MARSHALL: Just to make clear on the outset that obviously these are my views.
These views may or not represent the organization I work for, the U.N. as a whole. The rule of law movement has been
around forever and thus. It has probably been around for 60 years. It’s an attempt initiated by the West to
help emerging states, those states moving away from communism, those states coming out of former Yugoslavia in the
80s, in the 90s, fragile states: Congo, Afghanistan.
The
last 40 or 50 years has been a huge endeavor to help states reform, repair, rebuild justice systems; it’s been predominately
focused on criminal justice reform and it’s been an endeavor that has had modest success, at best. The movement has
become an industry. Up until 2003, there was some efforts by some countries. This country, the U.S., is a major player
in this movement, but 2003 and beyond, which is sort of one of the reasons for the book, is this being an explosion
of activity. The consequence is you have thousands of NGOs. You have thousands of guidance materials. Thousands of
experts, all mainly from English-speaking countries.
We
have all of this information about the rule of law, but we really understand so little. I wanted to explore in 2013
or 2014, given this being such modest success and this being a mini-industry–exploring why it’s been a failure.
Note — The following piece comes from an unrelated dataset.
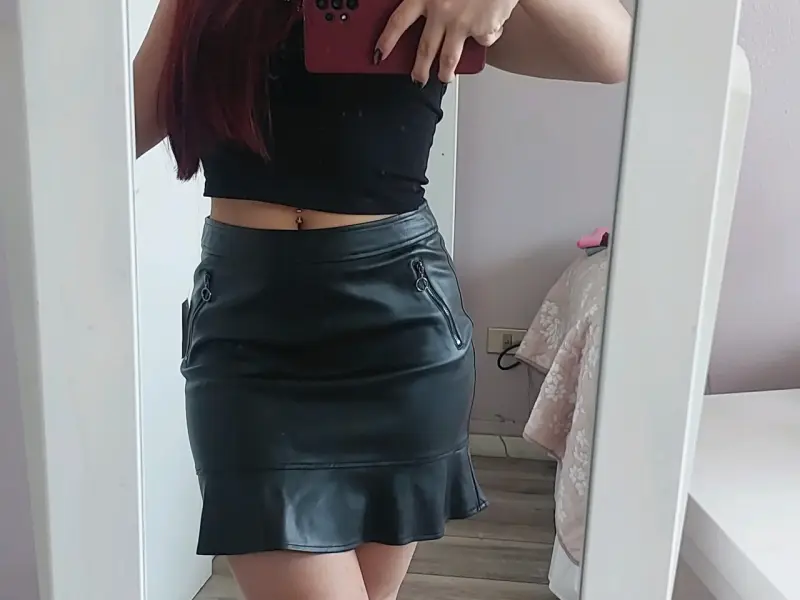 Falda corta negra de cuero sintético con volantes - 1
I wanted to explore, why, not the standing the modest success, why has there been this explosion, which
is that coupled with the 2012 declaration by the world’s countries as to the rule of law was sort of the catalyst
for the book.
SCHWEIG: You’ve had experience
on the ground in Afghanistan, Iraq, Kosovo, and other more moratoria countries. What were some of the things that
you observed, maybe on the ground, that led you to compile this book?
MARSHALL:
I learned that the international community
has a profound deficit of knowledge, of where it works, where it doesn’t: Afghanistan, Iraq, Haiti, Liberia;
I mean choose your fragile state. Our knowledge around the language, the culture of justice means the deficits are
profound around who we are, and why we’re there, what we’re doing, what we know about what we’re doing.
And that hasn’t changed. That has dogged the industry for decades, the knowledge deficit, and secondly, that
obsession with institutions. We have a lot of rhetoric around supporting national ownership, nationally driven processes,
but generally the international community tends to focus on institutions and persons working therein, as opposed
to the individual. The consequence is that we are focused on institutions, institutions generally around criminal
justice, so an addition to a deficit of knowledge, that is, I would suggest, profound. The other problem
is that our theory of this work, the rule of law, it’s more of a law-and-order narrative.
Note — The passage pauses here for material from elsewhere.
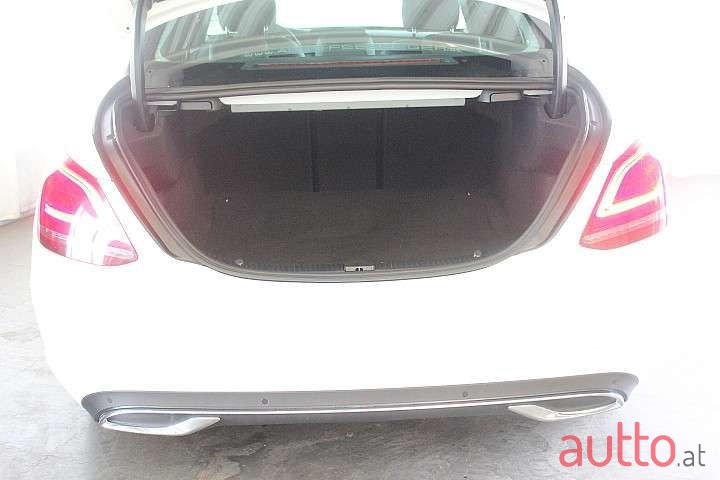 2021' Mercedes-Benz C-Klasse photo #5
We generally, the international community, sees the rule of law through
a law-and-order prism, and that is basically supporting police, supporting prison reform. But that’s usually
building prisons and supplying batons to police officers. I’m not suggesting that there isn’t a need in
some stage for security apparatuses and supportive to coercive institutions is clearly needed. But we seem to get
stuck in that for decades. I also think that one thing I’ve learned is that rule of law is, and it’s a bit of
a cliche, but it’s truly indigenous. We have this sense that we arrive with this model called the Rule of the
Law: “If you please build your institutions that look like ours, you are good to go.” The evidence, I suggest, is
in and that’s been a failure. That’s one thing in the book that I think it’s important to recognize,
is that it’s okay to say, “It’s been a comprehensive failure.”
The
international community has an aversion to failure, so we can better understand when we spend $4 billion dollars
in Afghanistan, of American taxpayer money over 12 years on justice reform, and the inspector general says basically
this can come to naught, within a year, we need to sort of really stop and think about why we’re doing this.
SCHWEIG: Obviously, throughout the book there’s some agreement and
some disagreement, some tension in perspective. Can you tell us a bit about the ideas that you think harmonize in
the book and then some of the ideas that conflict across the different essays?
MARSHALL:
I think one of the major ideas I think where there’s a consensus is the deepening of knowledge. I mean it’s
a bit of cliche–it’s been identified as a problem for years, but there’s a great piece on when the rule of
law movement meets Iraq. We meets context where the Islamic law is applied. An increasing issue for the
world community is we’re building the rule of law in Somalia, Mali, and Afghanistan. We don’t really talk enough
about when the movement hits an Islamic state and that chapter by Haider Hamoudi from Pittsburgh is terrific and
also the piece on South Sudan. Sometimes these often indigenous processes, customary processes, are okay. They are
delivering some semblance of justice and have been for decades, so rather than trying to suppress and replace these
customary processes, tribal chiefs or religious shuras in Afghanistan and Iraq, why don’t we learn about them?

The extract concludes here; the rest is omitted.